# Data extract:

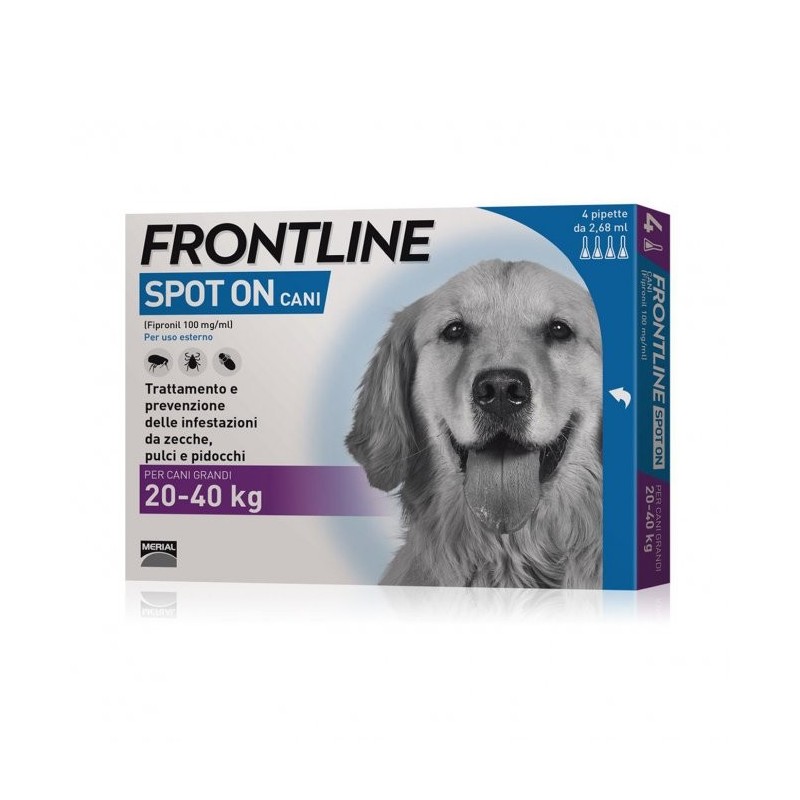 boehringer ingelheim Antiparassitario Frontline spot on cani da 4 pipette da 20 - 40 kg 2,68ml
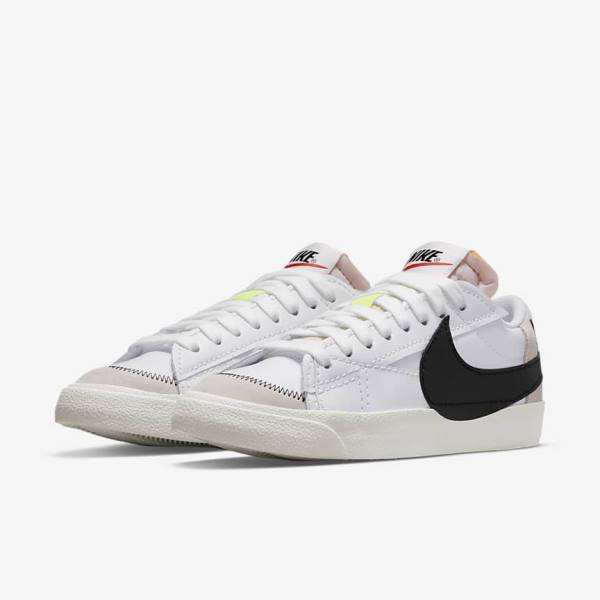 Nike Blazer Low 77 Jumbo Sneakers Heren Wit Zwart | NK493MAI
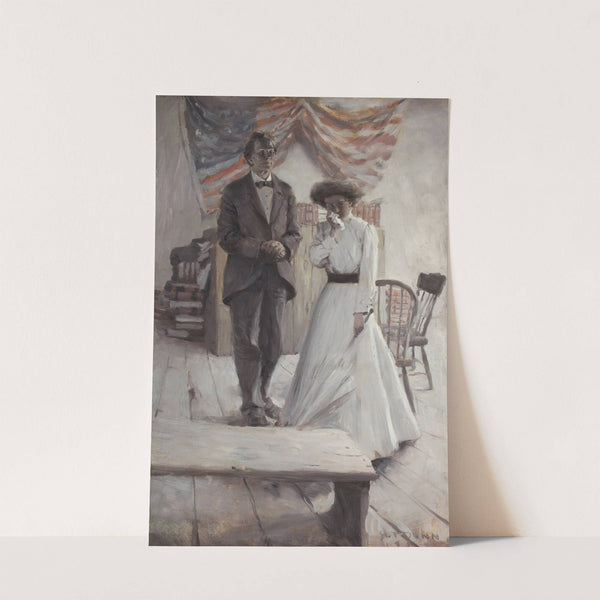 'Alicia, I Couldn't Think Nothin' That was Agin-You', The Justice of Gideon by Harvey T. Dunn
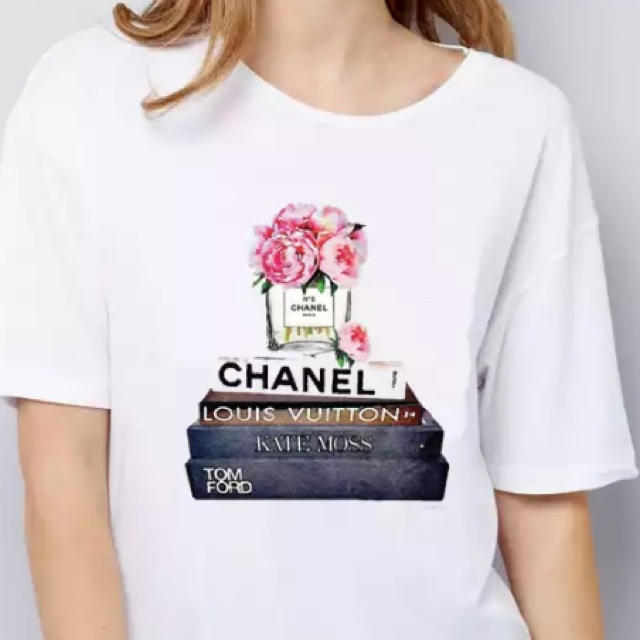 CHANEL(シャネル)の海外インポート Tシャツ レディースのトップス(Tシャツ(半袖/袖なし))の商品写真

# Work instruction:
Give back exactly the lines from the first line of the data through the line with "Harvey T. Dunn", pictures excluded.

# Answer to this exercise:
 boehringer ingelheim Antiparassitario Frontline spot on cani da 4 pipette da 20 - 40 kg 2,68ml
 Nike Blazer Low 77 Jumbo Sneakers Heren Wit Zwart | NK493MAI
 'Alicia, I Couldn't Think Nothin' That was Agin-You', The Justice of Gideon by Harvey T. Dunn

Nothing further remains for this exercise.